Les catégories d’analyse des food studies sont pertinentes pour tracer l’évolution historique de la pratique discursive œnophile – singularisée, esthétisante et réflexive –, cernée dans sa rationalisation (régulation législative, consolidation scientifique et diffusion médiatique). Ainsi cristallisée, l’œnophilie a entraîné une gouvernementalité de la consommation ; son institutionnalisation concrète, sous la forme de cours du soir étatiques, véhicule une normativité spécifique.
Les publics de cette institution – majoritairement masculins et appartenant à des milieux aisés – font montre de motivations ‘opératoires’ et ‘hédoniques’, actualisant la gouvernementalité et l’orientation intérieure des expériences.

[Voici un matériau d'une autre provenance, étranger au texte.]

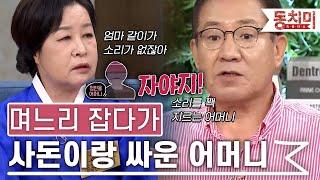 [TALK 쏘다] 며느리한테 서운해하다 사돈이랑 싸운 시어머니 l #TALK 쏘다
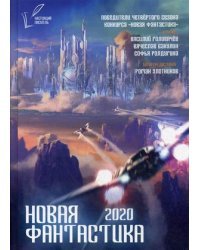 Новая фантастика. Произведения начинающих писателей. 2020 год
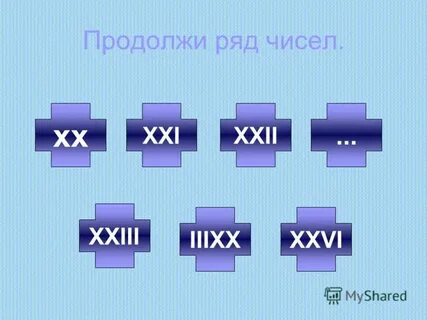 Продолжить похожий
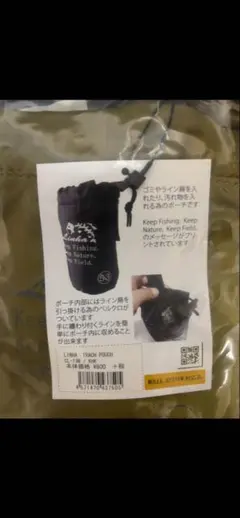 Item thumbnail for item 6b51e907-fe00-40f9-a1ea-e4d0522ac3ed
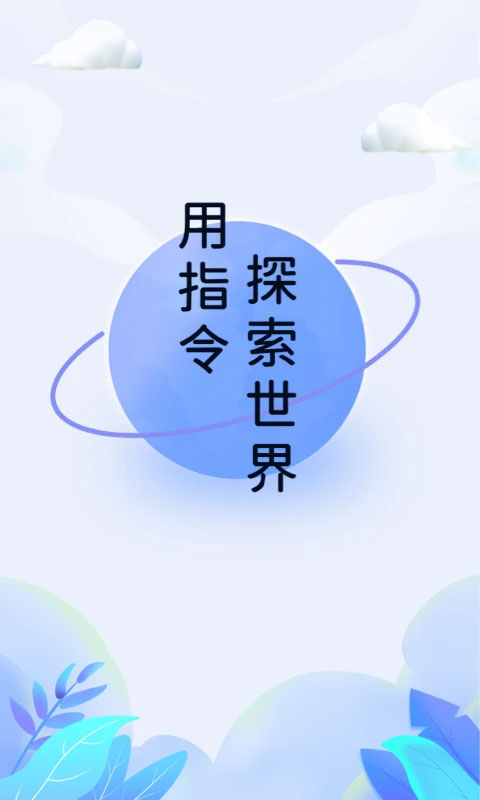 快捷指令库app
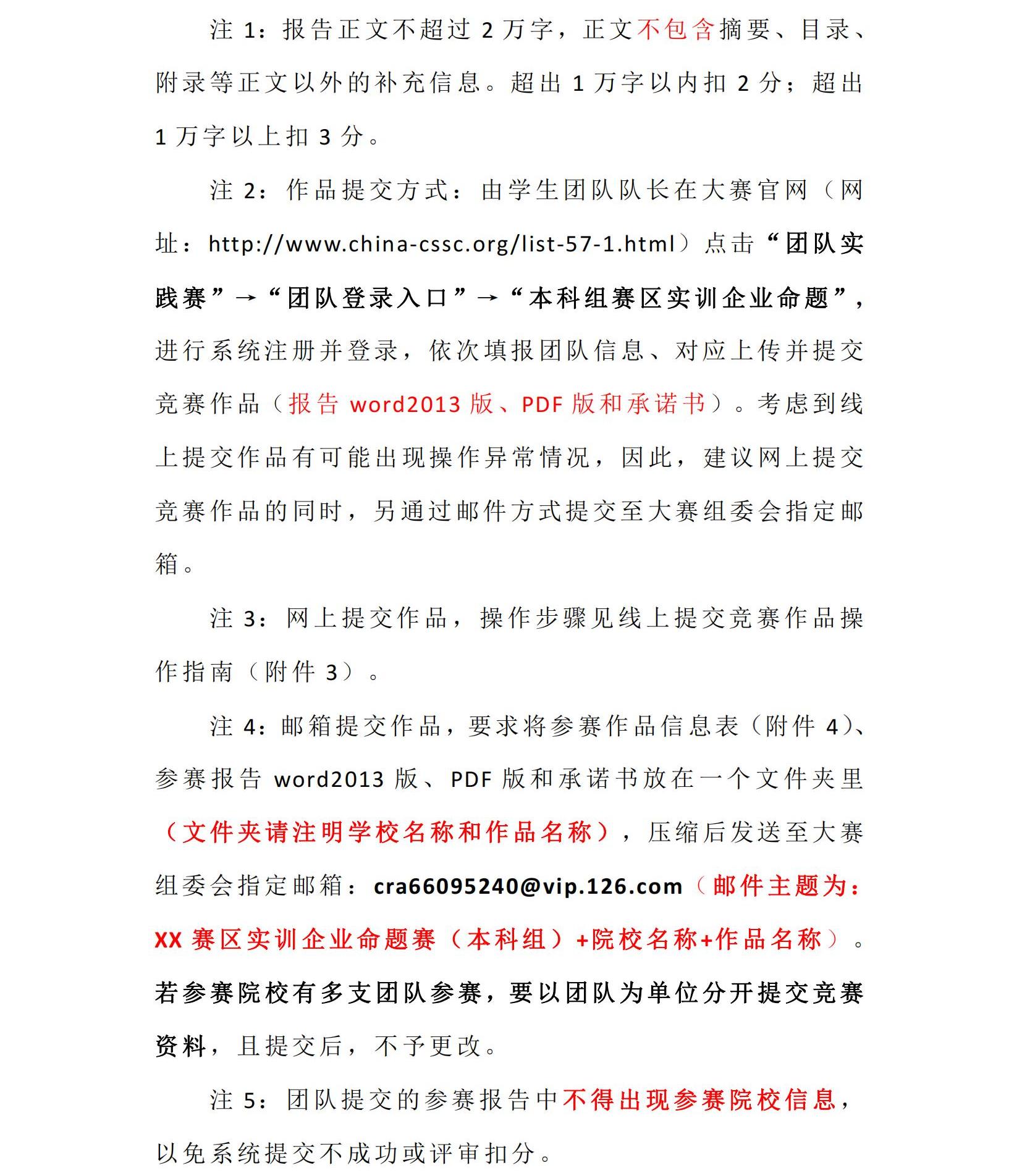 关于“赛区实训企业命题赛”有关事项的补充通知（本科组）_01.jpg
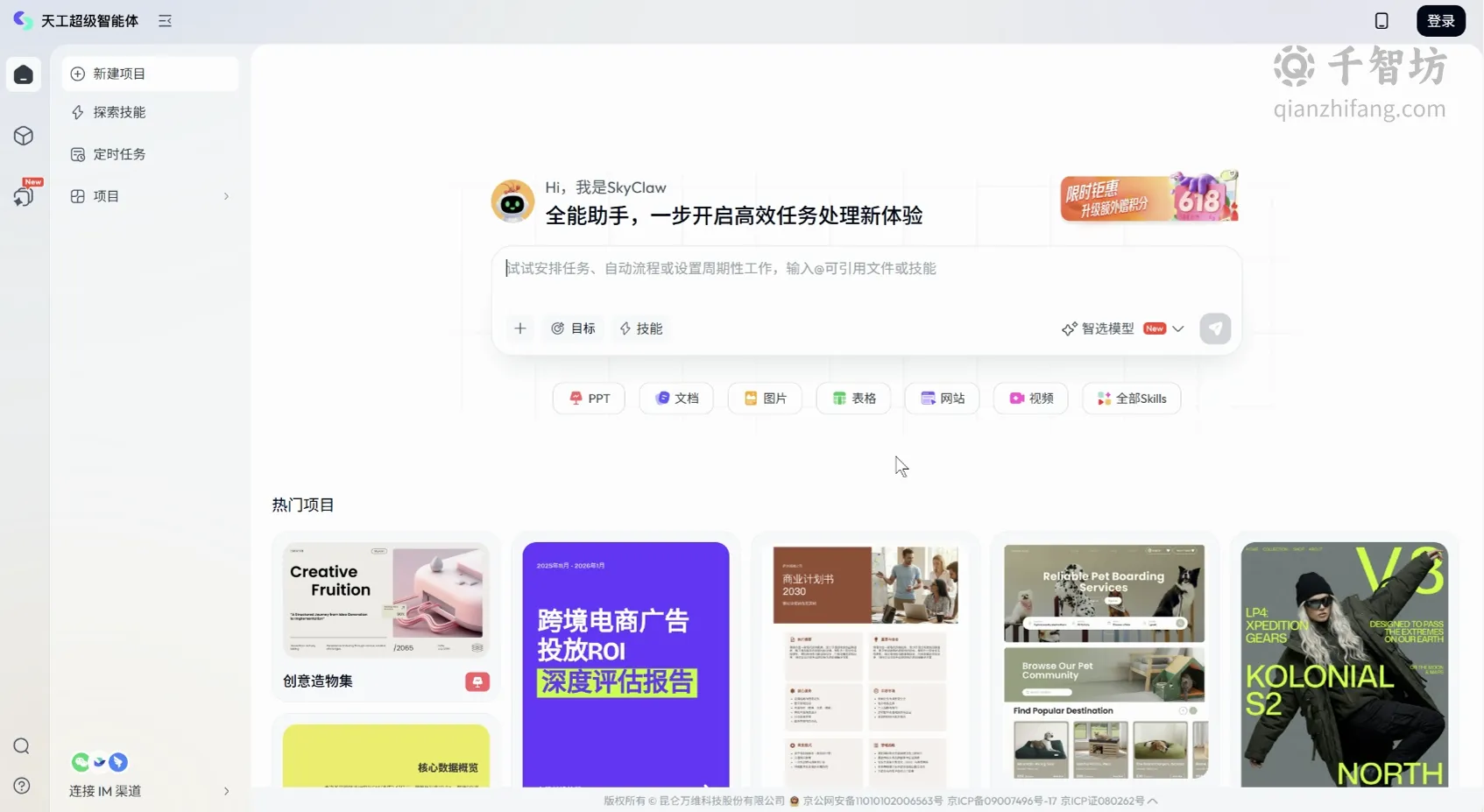天工AI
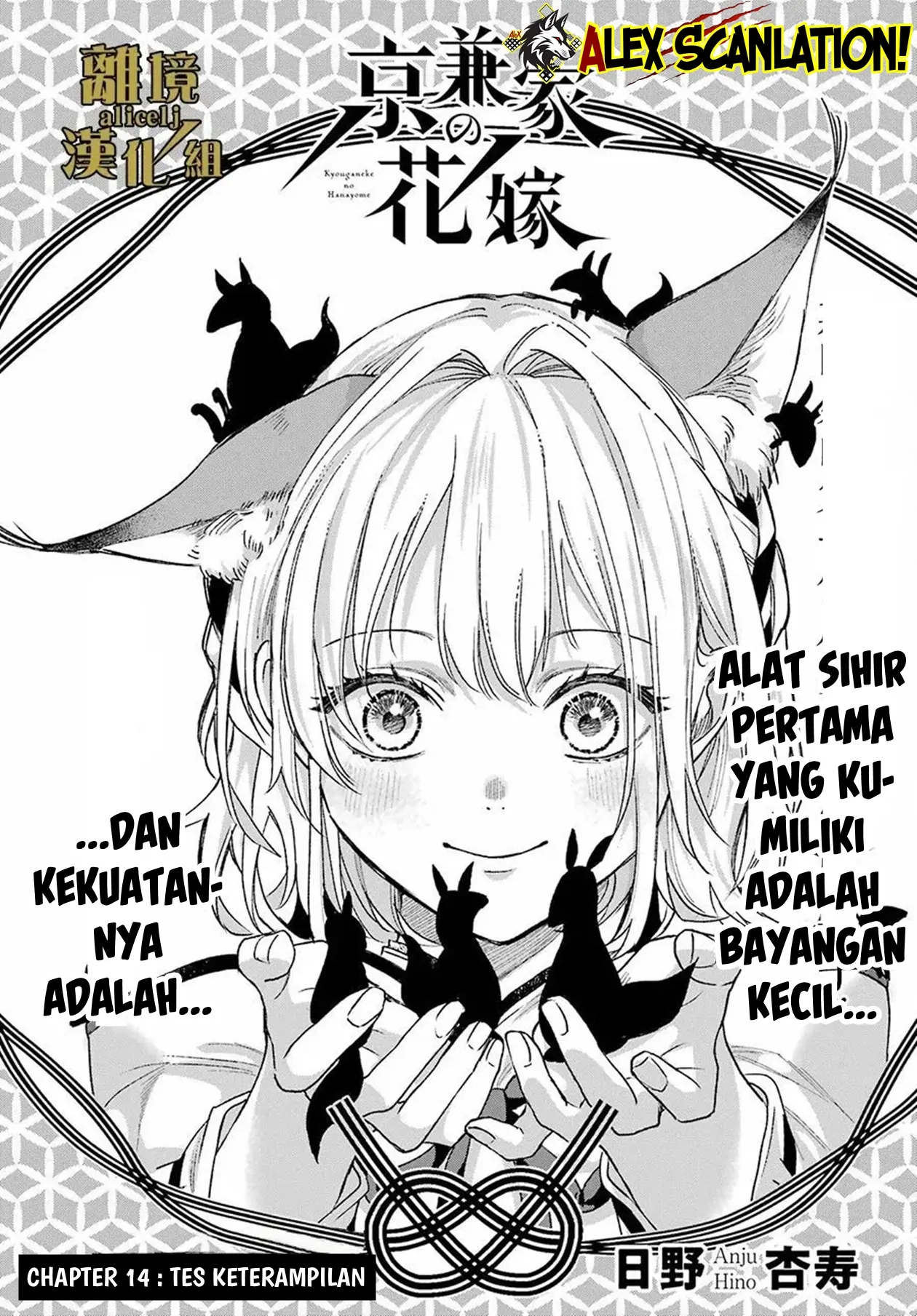 Halaman 3 dari 39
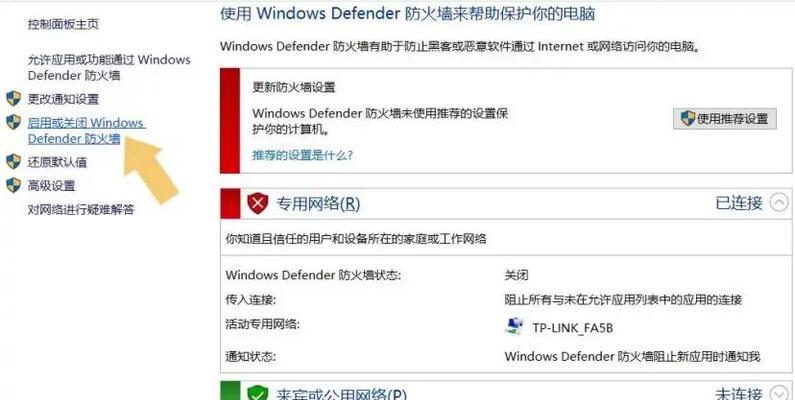 华为设备无法登录绝地求生的解决步骤？  第2张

Les appropriations de la normativité œnophile véhiculée sont réactives – positives ou négatives : se constatent des recours tactiques à des dispositions ou à des régimes d’action tactique, liées à des différenciations verticales (trajectoire et position sociale) et, surtout, horizontales (milieux, interactions et expérimentations effectuées dans un projet de subjectivation).
Ces dispositions et tactiques font le lien avec les logiques d’actions œnophiles domestiques – actives, stratégiques et hédoniques. En contraste à la normativité œnophile (axée sur le vin), les pratiques discursives ordinaires se déclinent autour de préoccupations liées à la vie personnelle et sociale, avant de se centrer sur le vin. Néanmoins, c’est la canonisation œnophile esthétique qui comporte la matière nécessaire aux subjectivations, fussent-elles appropriées de manière hédonique, égo- et sociocentrée. Transparaît ainsi l’imbrication consubstantielle et flexible entre normes et plaisirs, menant à un empowerment personnel et social (à potentiel majoritairement éthique, mais également distinctif), via l’usage discursivisé d’un aliment.